My take-away differences:

 

CPU/GPU performance:

-Microsoft targets consistent clockspeeds and built the console and heatsink to handle the worst-case scenario as the power requirements will fluctuate.

-Sony targets a consistent power delivery by offering adjustable clockspeeds.  So the system (or devs, presumably) can allocate more clockspeed/power to the GPU if the CPU doesn't need it, and vice versa.  They should be able to build a smaller form factor since they know what the worst-case power scenario will be, and the PS5 SoC should use less power anyway allowing them to use a smaller heatsink/fan.

 

GPU features:

-Both seem to use a form of mesh shading

-Both seem to have the same Ray Tracing acceleration built into the shaders of the GPU.

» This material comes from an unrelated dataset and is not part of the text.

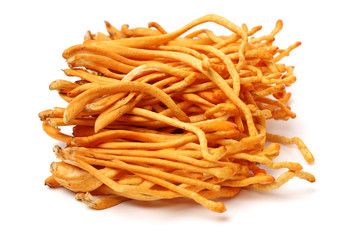 Fresh Cordyceps mushroom on white background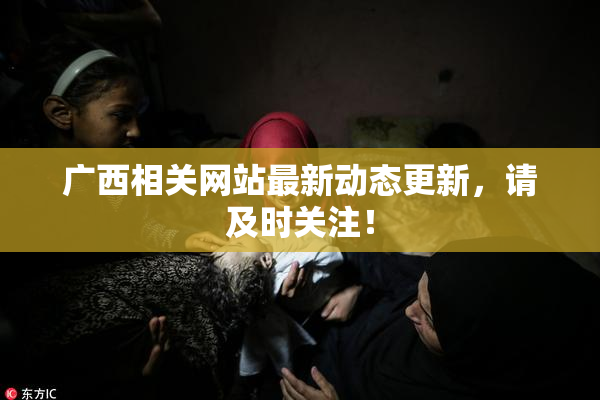 广西相关网站最新动态更新，请及时关注！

-Microsoft mentioned Variable Rate Shading while Sony didn't, but I don't see why the PS5 won't be able to do it.  I think this is just an assumed feature much like 120 Hz and Variable Refresh Rate support, neither of which Cerny talked about.

 

Overall the Xbox will be slightly more powerful than the PS5 at its max potential, but this is really not going to be a difference you'll notice.  It's a smaller difference than the XboneS and PS4 slim as well as the difference between the PS4 Pro and X1X.  My guess the biggest noticeable difference that could emerge will be in the Xbox's ability to dedicate more hardware horsepower for Ray-Tracing effects.

 

Storage:

PS5's SSD capabilities will be up to twice as fast the XSX.  While going about redesigning storage access methods in slightly different ways, both companies are effectively doing the same thing in having hardware-accelerated decompression to keep the CPU from being overwhelmed.  In Sony's description they talked more about the custom I/O hardware they created in order to achieve this while in Microsoft's description they talked more about the custom I/O software they needed to create, but in either case you need both hardware and software to work together so the end result is the same goal:  Both companies want the SSD to act as extended memory in order to free up actual system memory for data that is actively being used, as in current gen games most of the data sitting in memory isn't actually needed; the data is just there as a buffer to keep the frametime from spiking in case it needs to fetch the data from the currently slow as shit drives.

 

Memory:

The differences are basically a wash.  Microsoft does have overall faster memory, but it also needs the faster memory in order to keep its faster CPU and GPU fed properly.  The amount is the same for both consoles, but again each company is trying to free up memory by utilizing the SSDs.  Sony's SSD is faster so it can brute force this method better.  But Microsoft did mention one technique they are going to use to free up even more memory that Sony didn't, and that's Sampler Feedback Streaming.  This method will work concurrently with the SSD by having a less-memory-intensive, lower quality texture loaded into memory and utilized in a final rendered scene while it waits for the SSD to load in the higher quality version.  Maybe Sony doesn't need this method since its SSD is fast enough to... not need it? The end result is there will be a bigger generational leap in effective RAM games can utilize than what the paper specs show us - the same deal with how the performance difference will definitely be more than what TFLOP increase shows us because 1 RDNA2 Compute Unit is more efficient than a GCN Compute Unit.

 

Audio and VR:

Clear advantage to Sony, as the only mention of audio from Microsoft was that it would be running on the generic CPU cores while Sony has a dedicated chip for processing MOAR sounds than you've ever heard in your life.

 

Not mentioned in the DF article I linked, but I stand corrected in that both consoles will have dedicated audio processors.  Microsoft didn't provide any details beyond that, so who knows which one will be better.

 

Backwards Compat:

-Microsoft wins here by guaranteeing multiple generations back, but despite some of the meme's I'm seeing Sony will at least support PS4 compatibility.  However they will have to verify games, much like how the Pro couldn't run every game in boost mode when it launched.